Key points – operating
· Alternatives performance: uncorrelated returns from Man’s wide range of investment strategies generated positive investment movement of $0.4 billion in hedge fund styles in Q2 (negative $0.8 billion for H1)
o AHL generated $1.5 billion of positive investment movement in Q2 ($0.9 billion in H1)
o GLG alternatives delivered a mix of positive and negative performance across styles, but were $1.1 billion negative for Q2 ($1.4 billion for H1)
o Institutional fund of fund performance was flat for Q2 ($0.3 billion negative for H1)
· Long only performance: GLG long only strategies registered a negative market movement of $1.9 billion in Q2 ($1.8 billion for H1)

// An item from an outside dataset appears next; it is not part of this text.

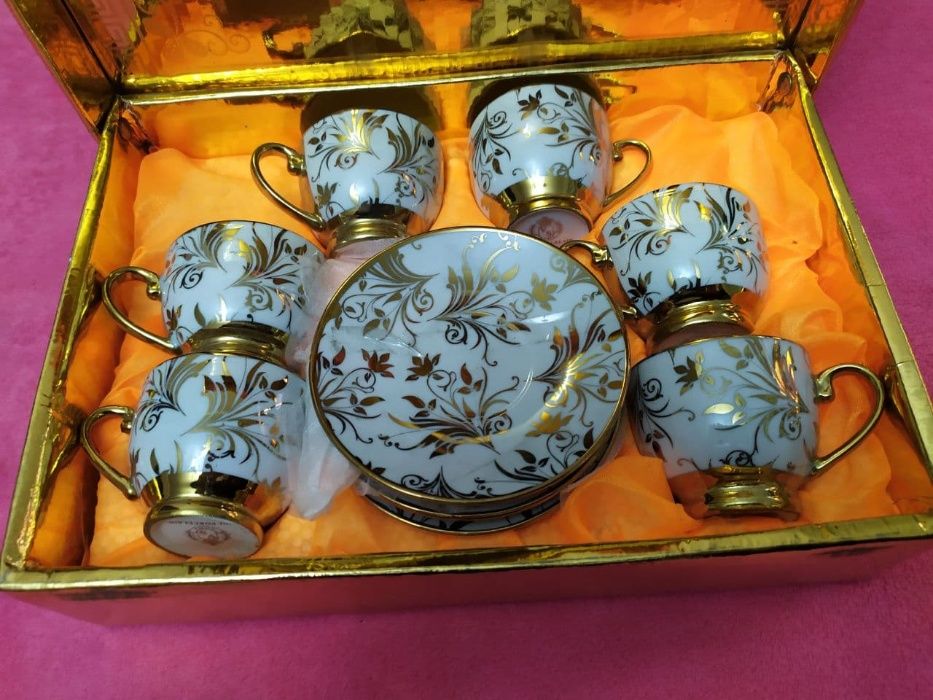 Продается чайный комплект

· Flows: inflows from AHL and institutional fund of funds and outflows from guaranteed products and GLG styles gave a Q2 outflow of $2.6 billion (H1 inflow of $1.1 billion driven by positive flows from GLG in Q1 and from AHL across both quarters)
o After record sales in Q1 of $9.0 billion, Q2 sales reduced to $4.5 billion, reflecting an anticipated deterioration in investor sentiment over the summer
o Redemptions increased from $5.3 billion in Q1 to $7.1 billion in Q2
· Other: significant negative FX translation effects of $1.9 billion in Q2 ($1.1 billion for H1); other movements were flat in Q2 (negative $1.8 billion for H1)
· Total FUM: $65.0 billion at 30 September (30 June 2011: $71.0 billion; 31 March 2011: $69.1 billion).
Key points – financial
· Statutory profit before tax on continuing operations for the six months ending 30 September 2011 of $145 million (H1 2011: $180 million)
· Diluted statutory EPS of 5.7 cents per share (H1 2011: 7.6 cents per share)
· Adjusted profit before tax of $185 million (H1 2011: $227 million)
o Net management fees (excluding net finance expense) of $200 million (H1 2011: $234 million) reflect the inclusion of GLG, reduced associate income following the sale of Man’s interest in BlueCrest and previously indicated increases to property costs and depreciation
o Net performance fees of $30 million (H1 2011: $17 million)
o Net finance expense of $45 million (H1 2011: $24m), including a one off cost of $19 million related to the recent debt buy back; annualised interest expense following the buy back will reduce by c. $20 million
· Adjusted diluted EPS of 7.5 cents per share (H1 2011: 10.2 cents per share)
· Regulatory capital surplus of $1 billion, net cash of $700 million and total available liquidity resources of $3.4 billion.